Traffickers are also very smart and savvy. They are expert mind manipulators. Whether it’s erasing all her cell phone contacts so she’s completely isolated or telling her he will kill her family if she breathes a word about him, he has a hold on his victim’s psyche. He figures out exactly what she is scared of or feeling insecure about and digs in. There are so many ways physically and psychologically that traffickers keep their victims caught in the system. Here are just a few.
Low Self-Esteem
This one is universal. We all go through bouts of self-doubt, wondering where we fit in. Especially as teens when everything starts to change—our friends, our bodies, our hormones. Adolescence is a hugely vulnerable time. When someone points to you and says you look pretty or he believes in you, it feels only natural to be attracted to that kind of attention. This is just one way in which traffickers are mind manipulators.

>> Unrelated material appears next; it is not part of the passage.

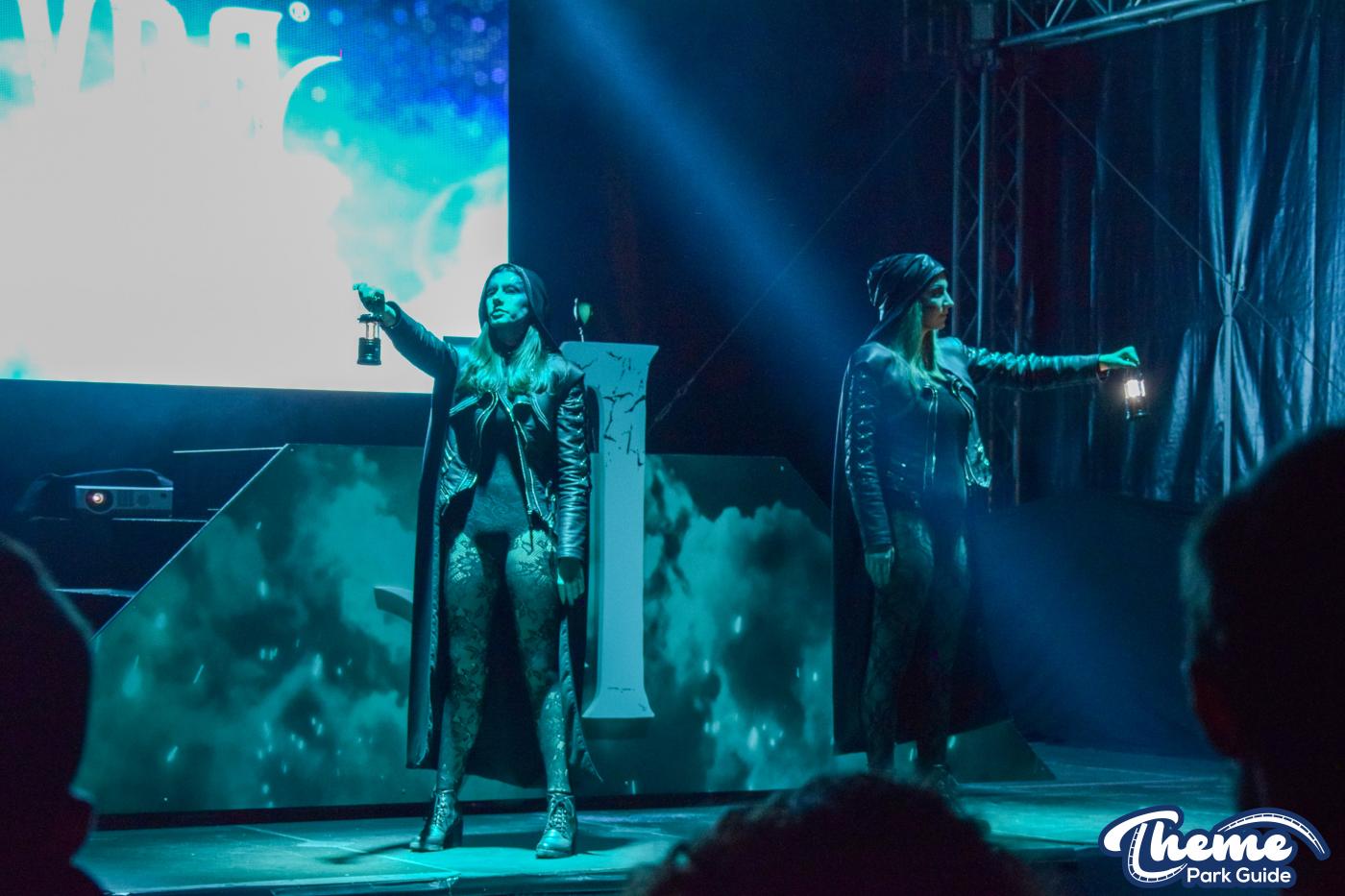 Europa Park - Traumatica 2019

Physical Abuse and Threats
It is common that victims are abused physically in some way while being held captive. Some are knocked unconscious by their beatings on a regular basis. Traffickers often promise that they will kill their victim and/or the victim’s family if s/he tries to run away or call anyone for help.
Deportation
A lot of trafficking victims are from foreign countries, so deportation is a terrifying threat for them. Traffickers steal identification and green cards, cell phones, and any other identifying objects. They also often have a mob of conspirators back in the victim’s home country ready to “greet” her if she’s sent back home. Not to mention that she may not even speak English and could be completely in the dark about where she’s located.
Constant Relocation
This is another common tactic for traffickers. They move around a country quickly and secretively. This means the victims never know exactly what city or state they’ll wake up in the next morning, law enforcement cannot track them down, and the victims cannot get familiarized or find out where safe houses are. Each new city could mean different names or identifications for victims, too. Pretty soon, the girls cannot tell who, what, or where they are, and they’r
e completely isolated from family or friends who could possibly get them out.
Criminal Charges
If you are a victim and you try to call the authorities, what will happen? Even though victims of sex trafficking have been horrifically abused, many times if they try to contact law enforcement, they can be charged with prostitution, indecent exposure, or loitering. Anyone being trafficked who’s older than eighteen has to prove “force, fraud, and coercion,” which is very hard. A lot of people (jurors, lawyers, even judges) still don’t understand that prostitutes are most often victims instead of culprits. If you’re charged with prostitution, you could be sentenced to many months in jail and required to pay fines, which vary from state to state. If you’re younger than eighteen and brought into foster care (a common “solution”), you never know what kind of family you’ll be placed in. Plus, once you turn eighteen, you’re put back on the street because you’ve “aged out,” which means the government says you’re too old to need a guardian.
Cults
It feels good to be part of a secret club, especially when the leader tells you that you’ve found your calling and are on your way to a new, carefree existence. Cults are religious groups of people who follow one leader, often isolating themselves so they can devote themselves fully. Cult leaders recruit people through all sorts of tactics, often promising psychological or spiritual miracles. And once there is a small group on board with the cult’s mission, each member starts recruiting new people to come into the fold. Not all cults are involved in sex trafficking, but there are some significant and scary cases involving child marriages, sexual servitude, and mass suicide. Victims in these situations are often lured by the leader of the cult who builds a strong, trusting relationship with them, and then asks them to prove their faith.